I didn't say that campaign finance reform is a higher priority to voters than "bread and butter" issues. All I'm saying is that it's very widely favored among voters, and very widely disfavored among wealthy campaign donors, because of course the latter greatly benefit from the system of legalized bribery. The only reason not to pass campaign finance reform is if you benefit from this system of bribery.

What are the "revealed preferences" of people who don't vote? How can you tell whether (1) they don't care, (2) they feel powerless and disillusioned by politics, or (3) some other reason. That's actually not revealed in the mere (in)action.

> Now that I think about it, I can’t recall the evidence for climate change being bad.

Please don't pretend that consequences of climate change aren't a matter of great public controversy, with literally millions of people claiming it's not a problem or no big deal.
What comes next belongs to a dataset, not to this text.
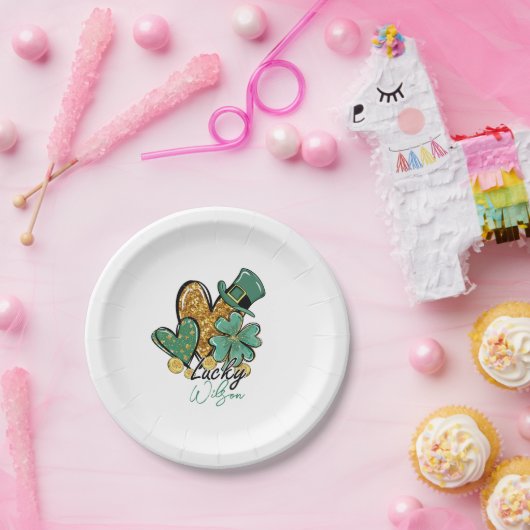 StPatricks Day Party Decor für Table Funny Design Pappteller (Party)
Maybe you and I accept what most scientists say, but not everyone does. And it's taken decades of scientists trying to hammer their points home to have a significant effect on the non-scientific public. It's always difficult to try to peer into the future and evaluate possible consequences of current actions.
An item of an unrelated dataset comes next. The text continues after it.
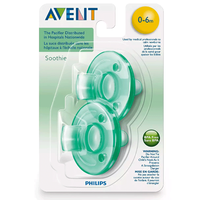 Philips Avent Soothie Pacifier 2 Pack - Green
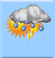 Today: Isolated thunderstorms before 8am. Sunny. High near 84, with temperatures falling to around 82 in the afternoon. West wind 0 to 8 mph. Today: Isolated T-storms then Sunny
> This was my point in mentioning the prices of health care, education, and housing...

I'll ignore the rest of what you're saying to that because that sentence by me was intended to concede the point. No need to argue.

> In general, politicians of both parties are held in very low esteem by voters. Voters often plug their noses and reluctantly choose the lesser of evils, rarely getting exactly what they want.

Ah! This I have evidence against. Senators have high approval ratings! https://morningconsult.com/senator-rankings/

As for the rest, inaction is action to not act. Keine Antwort ist auch eine Antwort. Everyone is free to believe they want and be powerless or whatever, but I don't have to believe that they're innocent for inaction.

Besides, it's okay, I have a risk-free path to moral outcomes now. All I have to do is avoid finding out about moral situations and I am automatically doing the right thing. Hear screams? Airpods in. It could have been screams of laughter and now that I am unable to find out more, I am automatically moral.